Dream theorem: Let C be a circuit on $n$ qubits made of a polynomial (in $n$) number of 1-qubit and 2-qubits gates (say $H, T, Ctrl-X)$. Now, run this circuit on input $|0\rangle^{\otimes n}$, and measure the first $k$ qubits in computational basis, giving you the state $|y\rangle\otimes |\phi\rangle$, with $y \in \{0,1\}^k$. Then, there exists a circuit $C'$ with a polynomial number of gates such that $C' |0\rangle^{\otimes (n-k)} = |\phi\rangle$.

Do you have any argument to say that this theorem is true? Or wrong?

Note 1: it would also be great to have "only" an approximate version of this, with $C' |0\rangle^{\otimes n}$ being exponentially close to $|\phi\rangle$.

Note 2: Note that computing $C'$ given $U$ and $y$ should be very hard to do (as soon as PostBQP != BQP), because otherwise it would be more or less equivalent to perform post-selection. But I don't mind, I don't need a constructive proof.
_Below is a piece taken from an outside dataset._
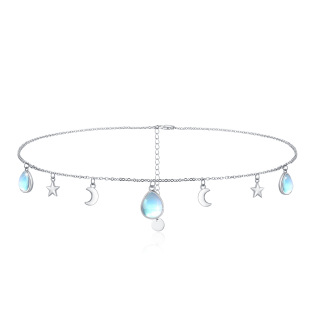 Sterling Silver Moonstone Star Metal Choker Necklace For Women-23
Note 3: This does not directly contradict the theorem (coming from Harrow, Recht and Chuang?) that states that to produce any state $|\phi \rangle$ on $n-k$ qubits, up to precision $\varepsilon$, you need $O(2^{2(n-k)}\log(1/\varepsilon))$ gates", as here $|\phi\rangle$ is quite specific and needs to be produced by a polynomial unitary + measurements.

My intuition on why of course it's true/wrong:

Note 4: One intuition to say that it's not true would be to take a pseudo-random function $h : \{0,1\}^{2l} \rightarrow \{0,1\}^{l}$ (say based on sha hash functions), and implement the unitary $U_h(H^{\otimes2l}|0\rangle^{\otimes 2l})\otimes|0\rangle^{\otimes l} = \sum_{x \in \{0,1\}^{2l}} |x\rangle |h(x)\rangle = \sum_{y \in \{0,1\}^{l}} (\sum_{x \in f^{-1}(y) }|x\rangle) |y\rangle$ and measure the second register, giving $(\sum_{x \in f^{-1}(y) }|x\rangle) |y\rangle$, and then see that if $f$ is truly random the left register seems impossible to generate in polynomial time as it contains an exponential number of elements. But the thing is that it's not even possible to have truly random functions in polynomial time, so the argument does not really work, as for polynomial $h$ an underlying simple representation may exist to efficiently reproduce this state.

Note 5: on the other hand, it seems plausible that the coefficient of the matrix of $C$ are "simple enough" as they are generated from a small circuit, and therefore could be reproduced. I tried to see how to "backpropagate" a measurement in the circuit, by trying to generate lots of possible sub-matrices, and for now I didn't reached a fixed point... but maybe I will at some point!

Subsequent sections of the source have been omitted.